On the way to Vienna, the jihadi-inspired army raped and pillaged, as did many armies of the day. When they reached Perchtoldsdorf, Austria, on the way to Vienna, Mustafa offered the city the chance to surrender in exchange for the safety of the city’s inhabitants. The city surrendered, and Mustafa’s jihadis immediately sacked it.

Mustafa’s army arrived at the gates of Vienna on July 14, 1683, and demanded immediate surrender in exchange for safe passage for all the soldiers and citizens. However, the Viennese had heard about the slaughter at Perchtoldsdorf, and they had no intentions of surrendering.


Map of Vienna, 1683 By Giovanni Giacomo de Rossi, public domain

Map of Vienna, 1683
By Giovanni Giacomo de Rossi, public domain


Estimates of the size of Mustafa’s forces vary widely depending on the sources. If we count the Tartar cavalry that joined Mustafa en-route to Vienna, it’s likely that he had approximately 190,000 troops at his disposal. Vienna had a garrison of 15,000 professional soldiers and 8,500 volunteers to defend the city. Also, further west, the Duke of Lorraine’s supporting force of 20,000 troops awaited reinforcements from Germany and Poland.

Based on the numbers of troops each side had on July 14, it seems that the Ottomans should have had an easy victory at hand, but when we consider the artillery that each side had, we discover why the Ottomans didn’t snatch a quick victory as soon as they arrived at Vienna. The Ottomans had 149 cannons ranging from light to medium size. The Viennese garrison had 370 cannons of medium to large size. The Viennese advantage in artillery was multiplied by the fact that they were in well-constructed battlements, whereas the Ottomans had no real defensive cover from which to conduct an artillery duel.

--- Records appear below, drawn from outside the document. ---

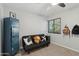 This bedroom features a black futon sofa, soft gray walls, ceiling fan, window, and a blue shelving unit at 8730 E Montecito Ave, Scottsdale, AZ 85251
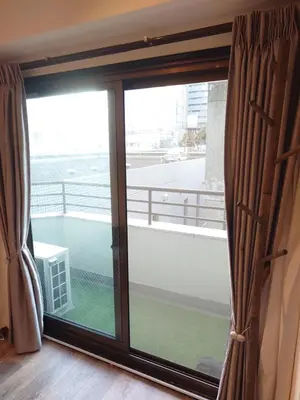 a large window with a view of a balcony at LUCKY house53 in Tokyo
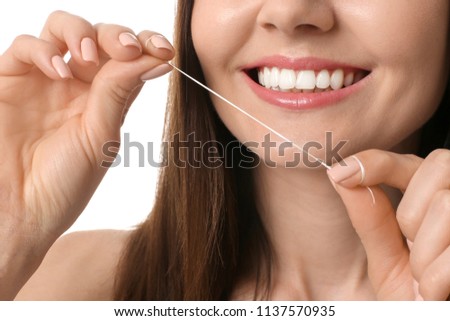 Young woman flossing her teeth on white background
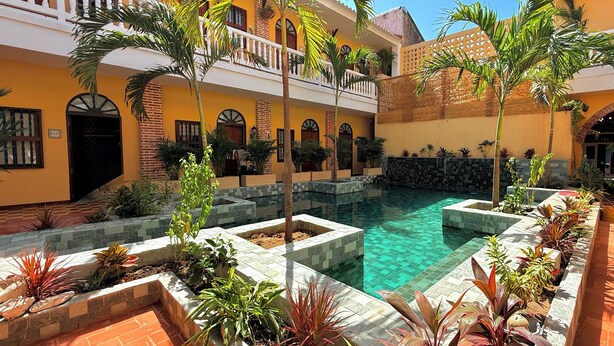 A courtyard with a pool, surrounded by buildings with balconies and arched windows.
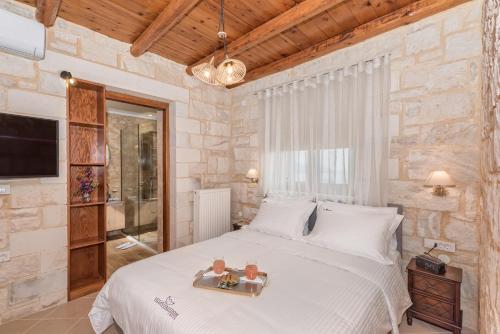 Un dormitorio con una cama grande en una pared de piedra. en Villa Freedom, en Kókkinon Khoríon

Mustafa was unaware that Poland and Germany were already sending a relief force to Vienna. Supremely confident in his position, he avoided an outright artillery duel and began mining operations to tunnel under the city walls. Mustafa hoped that after undermining and blowing up a significant segment of Vienna’s defensive walls, a portion of his vastly superior forces could rush the city. It was a reasonable plan, but it required time.


King Jan III Sobieski Blessing Polish Attack Painting by Juliusz Kossak, public domain

King Jan III Sobieski Blessing Polish Attack
Painting by Juliusz Kossak, public domain


Unfortunately for Mustafa, Poland’s King Jan III Sobieski was not altogether reasonable. On September 6, 1683, a force of 37,000 Polish troops crossed the Danube River twenty miles NW of Vienna and joined with a relief force of 47,000 troops of the Holy Roman Empire. After some initial squabbling over who would take overall command of the army, Sobieski was given the job.

On the night of September 11, the combined Holy Roman and Polish army got its artillery up steep terrain to a commanding position on the right flank of Mustafa’s army. On the morning of September 12, as Mustafa was launching a final assault on Vienna, the relief force struck with artillery and infantry assaults against Mustafa’s right flank.

Kara Mustafa calculated that he still vastly outnumbered the combined forces of the Vienna garrison and Sobieski’s army. He continued the final assault on Vienna while ordering a portion of his army to defend against Sobieski’s attack. He also ordered that the thirty thousand Christian prisoners he collected en-route to Vienna be executed.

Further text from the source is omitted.